Züleyha Kork Salantur

We <3 Kargala

Türkiye’de henüz bozulmamış, doğal güzellikler görmek istiyorsanız rotanızı mutlaka Artvin’e çevirmelisiniz; çok net. Cehennem Deresi Kanyonu da bunlardan biri. Henüz el değmemiş, insanların yeni yeni keşfettiği muhteşem bir kanyon.

cehennem deresi kanyonu

Cehennem Deresi Kanyonu nerede?

Artvin’in Ardanuç ilçesine 3 km kala solda, tabela olmasa orada devasa bir kanyon olduğunu asla tahmin edemeyeceğiniz bir yerde. Aslında Artvin’den Ardanuç yoluna saptığınızda, asfalt yol boyunca kanyonun içindesiniz ama asıl patika yollardan, daracık kayaların arasından yürüyerek ulaşılan yer Cehennem Deresi Kanyonu'nun ta kendisi. Kanyonu üstten görmek isterseniz de Cehennem Deresi Kanyonu'na gelmeden, soldan Aşağıırmaklar yolunu takip etmeniz yeterli.

Öncelikle Ardanuç

Ardanuç’un cağ kebabı meşhurmuş. Biliyor muydunuz? Biz bilmiyorduk. O yüzden kanyona tırmanmaya başlamadan ilçeye uğrayalım dedik. İyi ki demişiz çünkü kanyonda bizi zorlu bir parkur bekliyordu. Fakat mümkünse öğlen olmadan uğrayın; çünkü cağ kebap çoğu yerde öğlen gibi bitiyor. Biz öğleden sonra saat iki civarı gittiğimiz halde, önerilen yerlerde cağ bitmişti. Yine de başka bir restoranda bulduk ve gerçekten bayıldık. Hatta her şeye nazlanan beş yaşındaki oğlum bile üç cağ yedi. Artık lezzetini hayal gücünüze bırakıyorum. Restoran da dediysem gayet salaş, küçük mekanlar.

ardanuç

Cehennem Deresi Kanyonu

Ardanuç’tan çıkıp kanyonun girişine geldik. Dediğim gibi tabela olmasa, bu devasa kayaların arasında böyle muazzam bir güzellik olacağını tahmin dahi edemezsiniz. Daracık, kargacık, burgacık bir yerden girip, bir miktar sadece tek kişinin sığacağı yerlerden geçiyorsunuz. Yavaş yavaş genişliyor ve yeşilleniyor. Kanyonun ismi cehennem belki ama çıktığımız yokuş cennete çıkıyor.

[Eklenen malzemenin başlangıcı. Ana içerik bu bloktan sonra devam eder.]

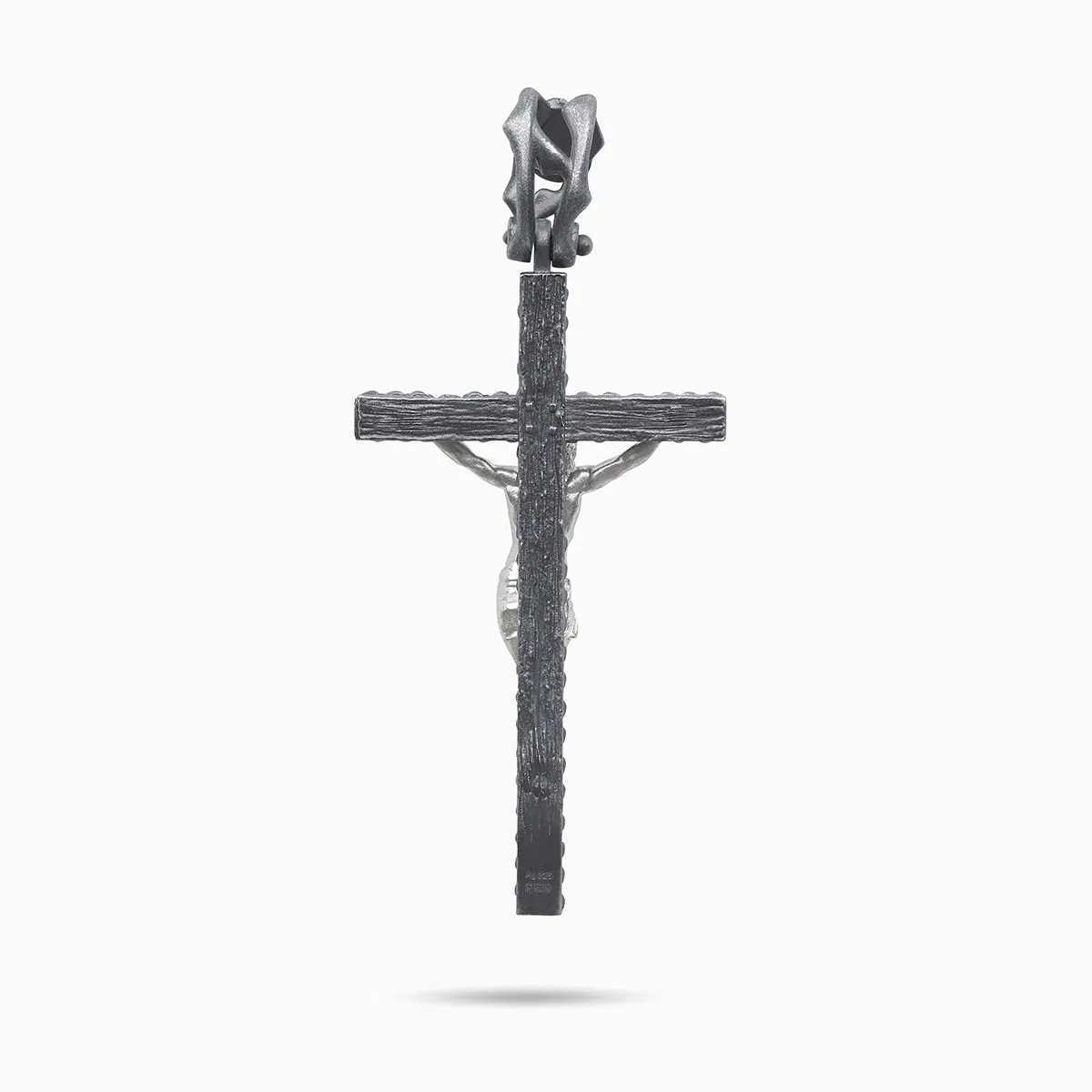DIAMONDS'N'ROSES Silver Crucifix Amulet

Cehennem Deresi Kanyonu'nda tırmanmak yorucu ama sadece 500 metrelik bir yer olduğu için sonuna kadar gitmenizi tavsiye ederim. Bir de mutlaka rahat bir ayakkabı ve rahat kıyafet... Eğer minnoş bir kişiliğiniz yoksa zorlanacağınızı düşünmüyorum. Beş yaşındaki oğlum bile atlaya atlaya çıktı. Hatta bizden daha çok keyif aldığını düşünüyorum. Çünkü "burası gerçek bir macera parkuru" diye diye ilerledi.

Kanyonun sonuna geldiğinizde devasa kayaların arasında, taşların üstüne oturup dinlenmek ve hatta hayatı sorgulamak paha biçilemez. Doğa nasıl güzel, nasıl da sürprizli. Düşünmeden edemiyor insan. Elbette gezgin ruhum "burası bu kadar güzelse daha ayak basmam gereken ne güzellikler vardır?" diye heyecanlanıyor. Doğa demişken ve buraya kadar gelmişken, Rize turu yapmak için de bu yazımı mutlaka okuyun!

Tabii bir de her yerde olduğu gibi kanyonun girişinde de işemiş, pislemiş, kayalara yazılar yazmış insan müsveddeleri de canımı sıkıyor. "Neden?" diye sormadan edemiyorum. Güzel olan her şeyi mahvetmeye neden bu kadar meyillisiniz?